The government argues that this case is outside § 1581(i) because Suntec could have challenged Commerce's final determination under § 1581(c). We disagree. To adopt the government's contention that this case comes within § 1581(c), we would have to conclude that Suntec was or could have been a party to the administrative review. We cannot draw that conclusion.
28 U.S.C. § 1581(c) gives the Court of International Trade exclusive jurisdiction over any civil action commenced under 19 U.S.C. § 1516a. The relevant provisions of § 1516a are those which allow “an interested party who is a party to the proceeding in connection with which the matter arises” to “commence an action” to “contest[ ] any factual findings or legal conclusions upon which” a “final determination” in an administrative review under 19 U.S.C. § 1675 “is based.” 19 U.S.C. § 1516a(a)(2)(A), (B)(iii) (emphasis added). The requirement that the plaintiff have been a party in the administrative review is reinforced by 28 U.S.C. § 2631(c) (“A civil action contesting a determination listed in [19 U.S.C. § 1516a] may be commenced ․ by any interested party who was a party to the proceeding in connection with which the matter arose.”) (emphasis added). See 19 C.F.R. § 351.102(b)(36) (“ ‘Party to the proceeding’ means any interested party that actively participates, through written submissions of factual information or written argument, in a segment of a proceeding.”).

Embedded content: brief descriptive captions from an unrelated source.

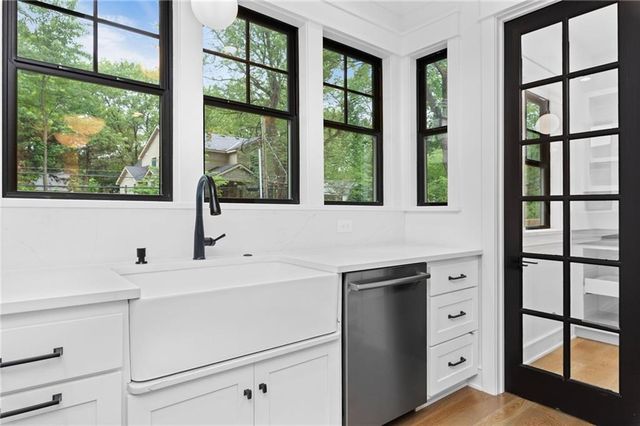 4620 W 70th Terrace, Prairie Village, KS 66208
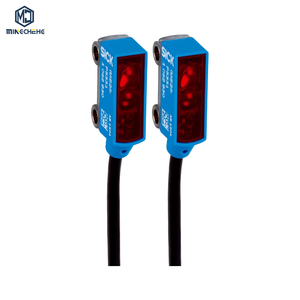 Sensor Industrial de Barrera Óptica GSE2S-N1311 con Diseño Cuadrado Compacto para Detección en Líneas de Producción Automatizadas - Product Image 1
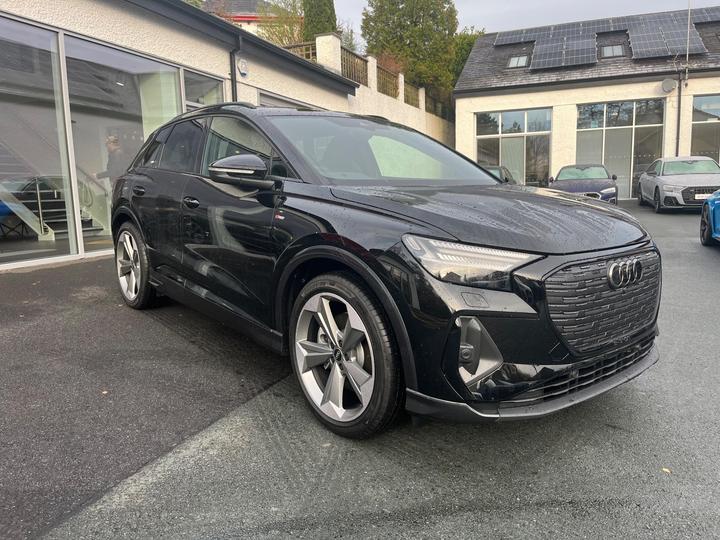 Audi Q4 E-tron 45 Black Edition Auto 5dr 82kWh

Suntec was not a party to the administrative review. And we cannot conclude, in our jurisdictional analysis, that Suntec could have been such a party. We assume the correctness of Suntec's merits contention for the jurisdictional analysis here. Cf. Rocky Mountain Helium, LLC v. United States, 841 F.3d 1320, 1325 (Fed. Cir. 2016) (standing analysis assumes correctness of merits allegations). Suntec's claim on the merits is that it could not have participated because it did not get notice of the proceeding and hence did not know that the proceeding was underway. 28 U.S.C. § 1581(c) is manifestly inadequate where a party is challenging the initiation of an administrative review based on the contention that it did not participate in the review precisely because it did not get the legally required notice. The Court of International Trade therefore had jurisdiction in this case under § 1581(i).3
The merits question presented to us takes as a given two premises not contested on this appeal. One is that Mid Continent violated a regulation in requesting the third administrative review when it failed to mail a copy of the request to Suntec itself and instead mailed a copy to Suntec's designated legal representatives in Shanghai, as it had done in the first two administrative reviews. The second is that Suntec's non-participation in the third administrative review likely cost it a good deal of money, at least on a per-unit basis. Rather than retaining its earlier 21.24 percent rate, it was assigned the China-wide rate of 118.04 percent. What is at issue here is the connection between the service deficiency and Suntec's non-participation in the review.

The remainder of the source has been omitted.